🤖 AI Summary
Kubernetes’ default scheduler employs lightweight heuristic policies, often causing resource fragmentation and failure to schedule high-priority Pods. This paper proposes a constraint programming (CP)-based Pod packing optimization method, implemented using OR-Tools as a pluggable scheduler. It verifies the optimality of the default scheduler’s decisions—and provides fallback optimizations—within strict time budgets (1 s or 10 s). Our key contribution is the first application of CP modeling to Kubernetes scheduling verification and repair, uniquely balancing formal correctness guarantees with real-time feasibility. Experimental evaluation on small-to-medium clusters shows that our approach improves scheduling success rates by over 44% within 1 second and over 73% within 10 seconds, while strictly certifying the optimality of the default scheduler’s solution in more than 19% of cases.
📝 Abstract
Distributed applications employ Kubernetes for scalable, fault-tolerant deployments over computer clusters, where application components run in groups of containers called pods.
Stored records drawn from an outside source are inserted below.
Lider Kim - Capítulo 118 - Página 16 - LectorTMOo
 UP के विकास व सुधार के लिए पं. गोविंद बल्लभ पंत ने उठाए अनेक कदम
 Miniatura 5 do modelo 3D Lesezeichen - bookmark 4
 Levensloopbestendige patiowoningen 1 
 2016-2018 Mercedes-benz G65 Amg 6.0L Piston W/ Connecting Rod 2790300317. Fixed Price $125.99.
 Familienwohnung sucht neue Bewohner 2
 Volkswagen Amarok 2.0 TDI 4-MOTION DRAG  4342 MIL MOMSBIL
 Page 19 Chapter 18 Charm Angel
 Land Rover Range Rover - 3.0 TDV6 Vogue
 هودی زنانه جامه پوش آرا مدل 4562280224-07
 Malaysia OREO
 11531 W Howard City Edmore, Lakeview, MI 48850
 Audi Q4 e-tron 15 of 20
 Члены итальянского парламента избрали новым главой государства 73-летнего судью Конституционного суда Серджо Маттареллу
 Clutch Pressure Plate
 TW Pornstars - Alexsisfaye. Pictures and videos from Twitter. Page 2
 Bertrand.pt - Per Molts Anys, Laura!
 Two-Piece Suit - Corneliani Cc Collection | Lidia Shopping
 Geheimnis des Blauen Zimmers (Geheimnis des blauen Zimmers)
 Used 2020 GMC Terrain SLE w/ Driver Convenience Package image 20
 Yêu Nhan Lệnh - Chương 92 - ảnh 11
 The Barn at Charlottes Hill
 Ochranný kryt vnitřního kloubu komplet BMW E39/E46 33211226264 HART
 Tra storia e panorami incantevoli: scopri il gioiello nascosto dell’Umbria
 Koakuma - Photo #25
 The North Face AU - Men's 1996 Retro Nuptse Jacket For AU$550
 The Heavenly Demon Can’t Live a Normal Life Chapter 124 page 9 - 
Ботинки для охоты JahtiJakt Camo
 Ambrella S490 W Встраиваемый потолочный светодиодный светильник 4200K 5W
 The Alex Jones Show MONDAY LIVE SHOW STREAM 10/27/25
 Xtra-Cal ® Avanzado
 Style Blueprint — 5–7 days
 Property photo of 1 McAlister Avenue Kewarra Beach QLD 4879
The scheduler, at the heart of Kubernetes'architecture, determines the placement of pods given their priority and resource requirements on cluster nodes. To quickly allocate pods, the scheduler uses lightweight heuristics that can lead to suboptimal placements and resource fragmentation, preventing allocations of otherwise deployable pods on the available nodes. We propose the usage of constraint programming to find the optimal allocation of pods satisfying all their priorities and resource requests. Implementation-wise, our solution comes as a plug-in to the default scheduler that operates as a fallback mechanism when some pods cannot be allocated. Using the OR-Tools constraint solver, our experiments on small-to-mid-sized clusters indicate that, within a 1-second scheduling window, our approach places more higher-priority pods than the default scheduler (possibly demonstrating allocation optimality) in over 44% of realisable allocation scenarios where the default scheduler fails, while certifying that the default scheduler's placement is already optimal in over 19% of scenarios. With a 10-second window, our approach improves placements in over 73% and still certifies that the default scheduler's placement is already optimal in over 19% of scenarios.